Unfassbar nicht nur, was hier miteinander verglichen wird: Die existentiellen Ängste, die homosexuelles Coming-out auch heute zu einem Großteil bedeuten und unangenehme Witzchen über Religion. Homosexuelle werden auch heute noch – direkt und indirekt – für ihr homosexuell-Sein erpresst, gemobbt, um ihre Karrierechancen gebracht, in den Selbstmord getrieben. Wie oft passiert das in Deutschland mit den Leuten, die sich dazu bekennen, ein Kind taufen zu lassen?

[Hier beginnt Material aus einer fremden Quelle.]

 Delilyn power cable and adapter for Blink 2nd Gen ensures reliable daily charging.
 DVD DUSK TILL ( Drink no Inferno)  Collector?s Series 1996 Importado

Unfassbar auch, dass diese Ängste quasi bestritten werden: Denn wenn Kirche in Sachen Mut das „neue Schwulsein“ ist, dann hat das offene Schwulsein ja die Phase überschritten, in der es Mut bedarf. Unfassbar aber vor allem, dass sich hier die Vertreterin einer Organisation anmaßt, das Leid einer Opfergruppe zu bestreiten, das sie selbst mit verursacht hat: Es waren vor allem die christlichen Kirchen, die dafür sorgten, dass die Homosexuellenverfolgung im Nachkriegsdeutschland mit erbitterter Schärfe fortgesetzt wurde.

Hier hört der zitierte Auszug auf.